The multi-modality and stochastic characteristics of human behavior make motion prediction a highly challenging task, which is critical for autonomous driving. While deep learning approaches have demonstrated their great potential in this area, it still remains unsolved to establish a connection between multiple driving scenes (e.g., merging, roundabout, intersection) and the design of deep learning models. Current learning-based methods typically use one unified model to predict trajectories in different scenarios, which may result in sub-optimal results for one individual scene. To address this issue, we propose Multi-Scenes Network (aka. MS-Net), which is a multi-path sparse model trained by an evolutionary process. MS-Net selectively activates a subset of its parameters during the inference stage to produce prediction results for each scene. In the training stage, the motion prediction task under differentiated scenes is abstracted as a multi-task learning problem, an evolutionary algorithm is designed to encourage the network search of the optimal parameters for each scene while sharing common knowledge between different scenes. Our experiment results show that with substantially reduced parameters, MS-Net outperforms existing state-of-the-art methods on well-established pedestrian motion prediction datasets, e.g., ETH and UCY, and ranks the 2nd place on the INTERACTION challenge.
Paper Structure (14 sections, 7 equations, 5 figures, 5 tables, 2 algorithms)

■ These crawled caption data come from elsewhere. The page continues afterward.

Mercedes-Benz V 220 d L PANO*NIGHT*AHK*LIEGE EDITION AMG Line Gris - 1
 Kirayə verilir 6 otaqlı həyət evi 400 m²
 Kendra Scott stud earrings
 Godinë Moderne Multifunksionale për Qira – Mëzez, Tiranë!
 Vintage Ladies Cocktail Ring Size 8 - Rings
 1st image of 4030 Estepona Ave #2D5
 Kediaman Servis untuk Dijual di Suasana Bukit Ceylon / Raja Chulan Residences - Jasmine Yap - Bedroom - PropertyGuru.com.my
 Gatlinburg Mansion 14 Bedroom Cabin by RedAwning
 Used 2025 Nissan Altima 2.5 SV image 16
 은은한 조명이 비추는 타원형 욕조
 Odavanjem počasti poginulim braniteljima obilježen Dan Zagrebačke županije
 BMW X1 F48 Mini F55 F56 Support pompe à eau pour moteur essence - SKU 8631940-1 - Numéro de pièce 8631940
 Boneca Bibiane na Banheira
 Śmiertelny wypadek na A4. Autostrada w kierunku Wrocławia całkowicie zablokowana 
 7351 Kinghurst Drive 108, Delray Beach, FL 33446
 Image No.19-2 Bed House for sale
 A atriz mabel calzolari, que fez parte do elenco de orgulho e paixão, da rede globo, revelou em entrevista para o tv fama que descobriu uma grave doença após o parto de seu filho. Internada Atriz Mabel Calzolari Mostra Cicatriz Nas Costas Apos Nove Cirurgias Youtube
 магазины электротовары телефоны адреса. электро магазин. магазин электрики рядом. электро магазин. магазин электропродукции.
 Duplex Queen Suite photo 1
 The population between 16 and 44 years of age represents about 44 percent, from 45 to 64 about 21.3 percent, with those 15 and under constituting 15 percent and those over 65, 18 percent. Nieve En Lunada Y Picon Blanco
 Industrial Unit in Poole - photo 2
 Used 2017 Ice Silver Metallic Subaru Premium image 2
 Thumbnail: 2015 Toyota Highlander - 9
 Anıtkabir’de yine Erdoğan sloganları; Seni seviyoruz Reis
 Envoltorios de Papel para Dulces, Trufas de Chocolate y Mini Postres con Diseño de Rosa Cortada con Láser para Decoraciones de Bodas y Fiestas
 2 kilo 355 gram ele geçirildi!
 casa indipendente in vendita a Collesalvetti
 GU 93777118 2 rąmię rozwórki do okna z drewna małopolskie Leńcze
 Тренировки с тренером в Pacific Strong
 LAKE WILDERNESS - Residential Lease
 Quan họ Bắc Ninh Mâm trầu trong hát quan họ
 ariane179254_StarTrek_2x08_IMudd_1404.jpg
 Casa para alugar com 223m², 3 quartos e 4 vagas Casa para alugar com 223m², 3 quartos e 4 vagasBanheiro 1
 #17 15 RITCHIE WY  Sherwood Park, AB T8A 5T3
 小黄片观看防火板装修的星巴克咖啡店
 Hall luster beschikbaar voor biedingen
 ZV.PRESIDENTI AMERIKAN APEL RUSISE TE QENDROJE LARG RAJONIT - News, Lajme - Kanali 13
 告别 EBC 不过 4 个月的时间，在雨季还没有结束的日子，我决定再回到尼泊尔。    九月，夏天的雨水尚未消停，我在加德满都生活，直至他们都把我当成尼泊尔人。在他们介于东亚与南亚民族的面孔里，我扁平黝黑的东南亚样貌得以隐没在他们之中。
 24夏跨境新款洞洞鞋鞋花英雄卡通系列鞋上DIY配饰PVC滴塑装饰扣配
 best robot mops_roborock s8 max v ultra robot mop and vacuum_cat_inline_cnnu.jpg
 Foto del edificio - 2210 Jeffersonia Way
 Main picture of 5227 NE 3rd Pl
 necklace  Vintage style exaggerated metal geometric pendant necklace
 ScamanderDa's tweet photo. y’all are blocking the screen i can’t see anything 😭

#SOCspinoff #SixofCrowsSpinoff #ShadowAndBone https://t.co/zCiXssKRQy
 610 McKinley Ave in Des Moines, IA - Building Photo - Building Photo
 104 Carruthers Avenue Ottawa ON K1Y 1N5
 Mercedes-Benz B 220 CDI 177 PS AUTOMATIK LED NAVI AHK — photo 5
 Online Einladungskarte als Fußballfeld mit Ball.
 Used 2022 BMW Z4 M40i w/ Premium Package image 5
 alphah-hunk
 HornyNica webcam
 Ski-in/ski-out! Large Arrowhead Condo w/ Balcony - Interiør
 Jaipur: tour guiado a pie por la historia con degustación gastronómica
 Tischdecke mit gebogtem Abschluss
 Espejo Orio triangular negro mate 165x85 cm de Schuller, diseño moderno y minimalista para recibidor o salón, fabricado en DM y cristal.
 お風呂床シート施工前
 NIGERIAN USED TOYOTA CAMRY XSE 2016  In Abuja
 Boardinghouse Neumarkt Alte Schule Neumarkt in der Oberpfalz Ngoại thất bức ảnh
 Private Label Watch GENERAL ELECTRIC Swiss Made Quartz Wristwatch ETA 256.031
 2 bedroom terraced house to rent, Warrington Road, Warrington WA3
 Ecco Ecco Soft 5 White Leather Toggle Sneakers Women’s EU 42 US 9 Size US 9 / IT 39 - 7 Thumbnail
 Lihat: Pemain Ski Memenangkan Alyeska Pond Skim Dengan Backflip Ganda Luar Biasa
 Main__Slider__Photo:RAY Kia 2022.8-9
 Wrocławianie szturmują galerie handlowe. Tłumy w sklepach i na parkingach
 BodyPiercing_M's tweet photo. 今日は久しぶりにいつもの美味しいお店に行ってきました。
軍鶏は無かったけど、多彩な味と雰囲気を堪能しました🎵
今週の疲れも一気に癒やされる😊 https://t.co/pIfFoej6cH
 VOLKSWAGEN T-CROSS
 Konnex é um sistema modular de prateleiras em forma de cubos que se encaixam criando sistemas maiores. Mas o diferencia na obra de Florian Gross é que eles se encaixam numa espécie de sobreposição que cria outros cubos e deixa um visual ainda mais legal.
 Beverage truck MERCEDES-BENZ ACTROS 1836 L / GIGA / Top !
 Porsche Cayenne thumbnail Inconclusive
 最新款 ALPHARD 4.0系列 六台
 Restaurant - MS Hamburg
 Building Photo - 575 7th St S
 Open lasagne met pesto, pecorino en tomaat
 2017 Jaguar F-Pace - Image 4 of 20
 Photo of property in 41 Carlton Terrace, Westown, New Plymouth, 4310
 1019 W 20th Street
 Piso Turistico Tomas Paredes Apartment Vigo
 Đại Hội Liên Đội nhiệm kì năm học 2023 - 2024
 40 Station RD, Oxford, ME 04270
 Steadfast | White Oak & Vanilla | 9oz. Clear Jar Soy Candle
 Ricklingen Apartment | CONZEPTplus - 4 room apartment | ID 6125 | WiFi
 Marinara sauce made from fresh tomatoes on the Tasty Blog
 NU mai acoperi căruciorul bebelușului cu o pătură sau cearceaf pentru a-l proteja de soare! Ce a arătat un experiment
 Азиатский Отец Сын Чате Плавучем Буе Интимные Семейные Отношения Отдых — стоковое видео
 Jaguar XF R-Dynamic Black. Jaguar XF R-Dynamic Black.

This paper contains 14 sections, 7 equations, 5 figures, 5 tables, 2 algorithms.

Figures (5)

  • Figure 1: A comparison between the current unified motion prediction model (top) and our MS-Net (down). Note that the model structure in the figure is illustrative and doesn't reflect our actual experimental setup.
  • Figure 2: The overall training and inference processes of MS-Net. We choose a meta-model to initialize the Knowledge Pool. For new scenarios, a template model is selected from the pool, and sub-models are generated using an evolutionary algorithm. These sub-models are trained for scenario-specific knowledge. An evaluation function balances accuracy with parameter count. Since most parameters are inherited, we only need to add additional parameters (i.e., new knowledge) to the Knowledge Pool. In the inference stage, we form a sparse model from the Knowledge Pool, activating only a small part of all parameters for each scenario to achieve a scenario-distinct motion prediction model.
  • Figure 3: The MS-Net structure diagram obtained by training on ETH/UCY. We use seven training sets from ETH/UCY as the seven separate scenarios, and take the model from predictionTransfomer as the meta-model. The modules with the same color in the figure indicate the network layers obtained from the same scenario, and it can be seen that the layers such as the encoder, and embedding layers are commonly reused by each task. In more complex scenarios, such as the student003 dataset, the network adaptively adds "Encoder Layer 1" for better handling such scenarios.
  • Figure 4: Knowledge Transfer and Model Evolution in MS-Net training. On the left, network parameters from the meta-model are inherited through a knowledge transfer process, solid layers are trainable in the sub-model, while hatched layers are non-trainable and reused. In the Model Evolution approach on the right, the sub-model adds a trainable layer (e.g., decoder) while reusing other frozen layers from the meta-model.
  • Figure 5: Comparation of AutoBotautobot with MS-Net on INTERACTION validation set. The past trajectories are shown in yellow, the ground-truth trajectories are shown in red, and the predicted trajectories are shown in green.